Выйдя из комы, он сначала все отрицал. Человек, одетый в черное, выломал дверь, застрелил детей и поджег дом. Сам он был словно парализован, бессилен что-либо сделать, все это произошло у него на глазах. Когда ему предъявили обвинение в двойном убийстве в Клерво, он возмутился: «Нельзя убить отца и мать, это вторая заповедь Божья». Когда было доказано, что он не работает в ВОЗ, заявил, что числится научным консультантом в неком обществе под названием «Саут Араб Юнайтед» или что-то в этом роде, на набережной Берг в Женеве. Когда проверили и оказалось, что никакого «Саут Араб Юнайтед» на набережной Берг нет, он сдал эту позицию и тут же выдумал что-то еще.
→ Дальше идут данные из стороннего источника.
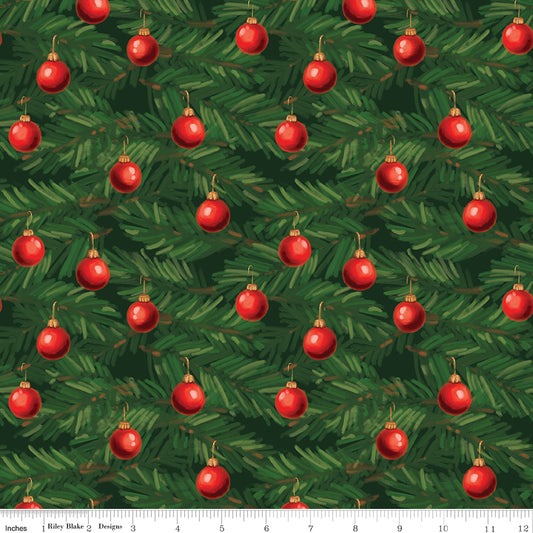 A repeating Christmas tree branch pattern with green pine needles and red ornament illustrations, shown as a fabric or wallpaper print. A small ruler strip along the bottom edge shows scale.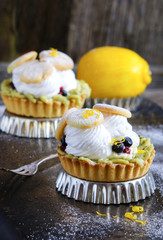 tartlets with cream, tea matcha curd and whisked egg whites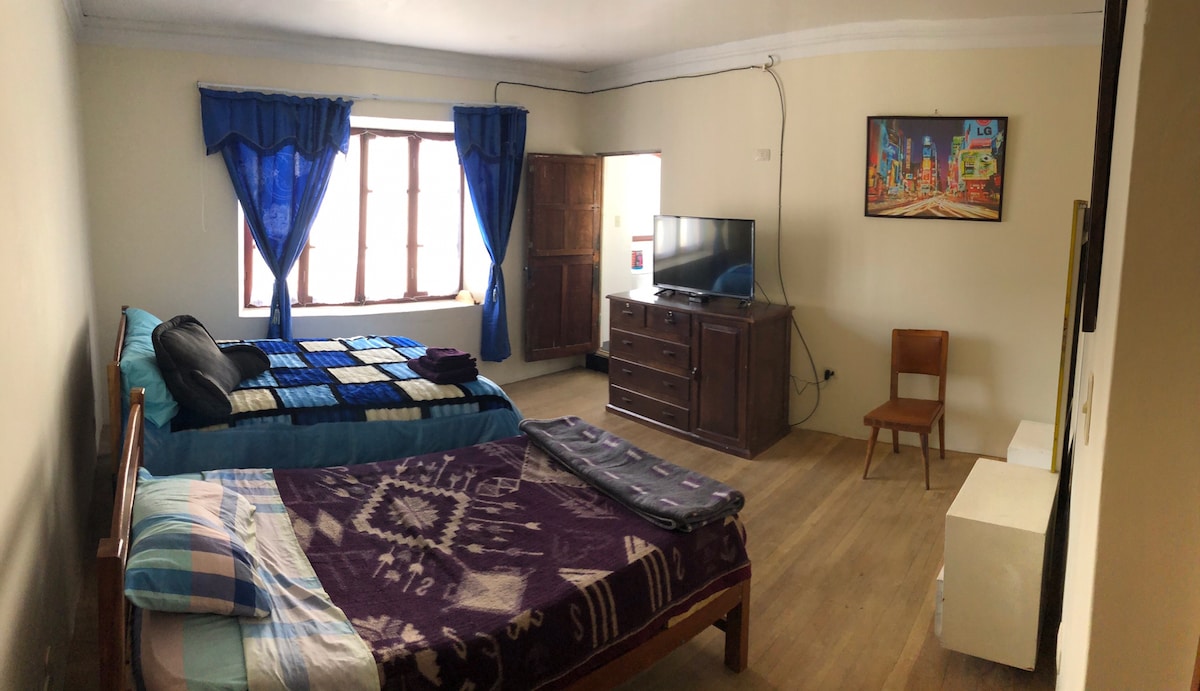 A spacious room is furnished with two beds, one draped in a vibrant blanket. A large window is adorned with blue curtains, allowing natural light to fill the space. A television is mounted on a wooden dresser, complemented by a wooden chair and a nightstand.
На протяжении семичасового допроса он отчаянно боролся, отрицая очевидное. Наконец то ли от усталости, то ли потому, что адвокат дал ему понять, что такая тактика защиты абсурдна и может повредить в дальнейшем, признался.
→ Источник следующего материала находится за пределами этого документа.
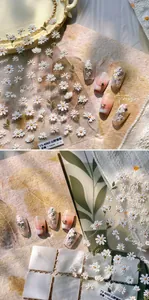 Macro shot of 3D embossed daisy nail stickers TS-4060 with floral relief details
Его обследовали психиатры. Они были поражены складностью его рассказа и тем, как сильно он старался произвести благоприятное впечатление. Вероятно, он не совсем понимал, как это трудно — произвести благоприятное впечатление человеку, который только что уничтожил всю свою семью, а до этого восемнадцать лет обманывал и обирал близких. Вероятно также, что ему было нелегко выйти из образа, с которым он сжился за все эти годы: он по-прежнему, чтобы расположить к себе окружающих, пускал в ход любимые приемы доктора Романа: его спокойствие, уравновешенность и почти подобострастное стремление угодить собеседнику. Такое самообладание свидетельствовало о серьезном душевном расстройстве: у доктора Романа, будь он в нормальном состоянии, хватило бы ума понять, что в данных обстоятельствах в его пользу говорили бы скорее прострация, сбивчивая речь, вой смертельно раненного зверя, а не эта светская любезность. Он думал, что помогает себе, не сознавая, что ошеломляет психиатров внятным и связным изложением истории своего самозванства, произнося имена жены и детей ровным голосом, как подобает воспитанному вдовцу, ни в коем случае не желающему своей скорбью омрачать настроение окружающим, и проявляя некоторое беспокойство только по одному поводу: ему давали снотворное, и он с тревогой интересовался, не вызовет ли оно привыкания, — неуместное, по мнению психиатров, опасение.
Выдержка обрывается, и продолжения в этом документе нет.